Mr Odinga, the main beneficiary if Mr Kenyatta withdraws from the race, weighed in with a cheeky answer: he would find it difficult to run the government by Skype. Mr Kenyatta countered by suggesting that electing him would equate to rejecting the ICC.
For the first time, the debate publicly addressed the issue of who was responsible for the 2007 violence, and asked whether the two men who contested that election — Mr Odinga and Mr Kibaki — did enough to prevent it.
Critics have long argued that prosecuting some while sparing the two principals has damaged the ICC’s credibility and showed it has succumbed to pressure for a quick-fix political solution.
The candidates also debated a number of issues that would be of interest to South Africans, such as how to improve education, public health and policing. Kenya has experienced a spate of security problems linked to the election, with dozens of people killed in coastal districts and the Rift Valley, one of the main flash points of violence five years ago.
Kenya’s presidential debate was a great occasion simply because long-time foes were required to argue their cases in a civil and structured manner and allow Kenyans, 44-million of whom tuned in on radio and TV, to judge the candidates for themselves. It followed the excellent example provided by Ghana, which holds presidential debates regularly, and is an important step towards transparent government and encouraging citizens to hold politicians to account.
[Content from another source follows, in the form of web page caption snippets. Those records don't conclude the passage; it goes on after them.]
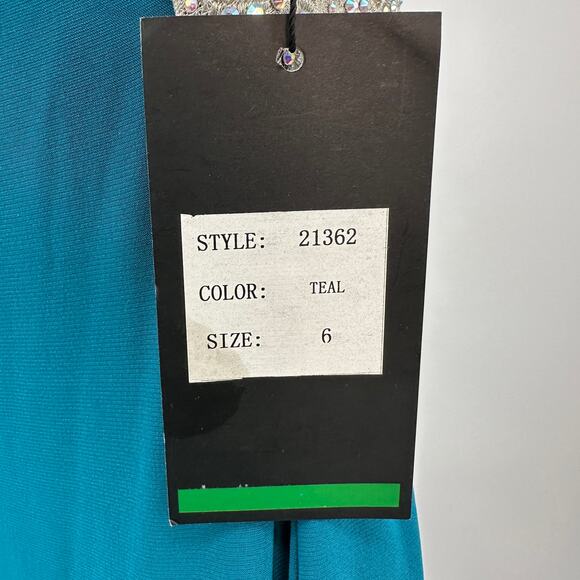 La Femme Prom Dress SZ 6 Teal Sleeveless Formal Embellished Lace Strap Racerback - Picture 15 of 16
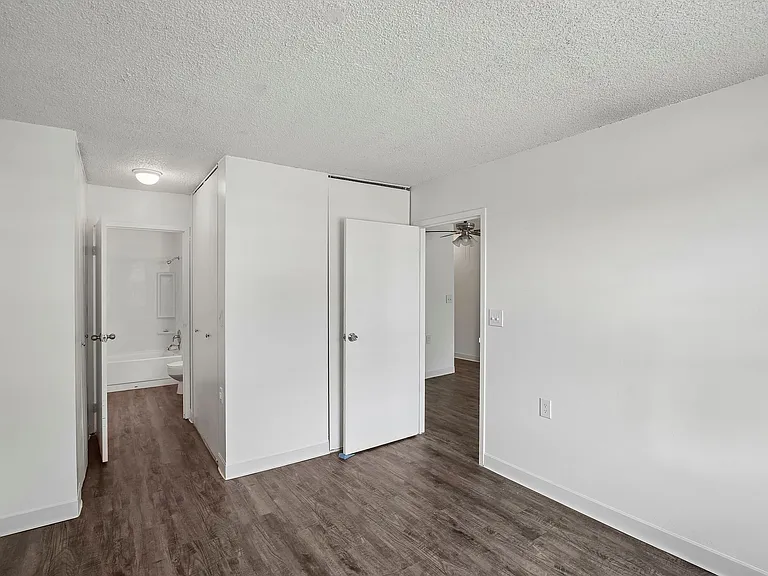 Riverview Apartments — Photo 42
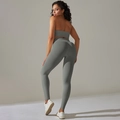 Graues nahtloses geripptes Yoga-Set mit Halter-Sport-BH und High-Waist-Leggings - S / Dunkelgrau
Zimbabwe has now called a referendum and election in a few months’ time, and there is mounting pressure on President Robert Mugabe to follow the lead of Ghana and Kenya and participate in a public debate with Prime Minister Morgan Tsvangirai and any other candidates for the presidency.
There is, however, no sign that either the African National Congress (ANC) or President Jacob Zuma have softened their stance when it comes to presidential debates. They should change their tune, and it is as much the task of civil society to demand that ANC leaders account directly to the public as it is that of opposition parties.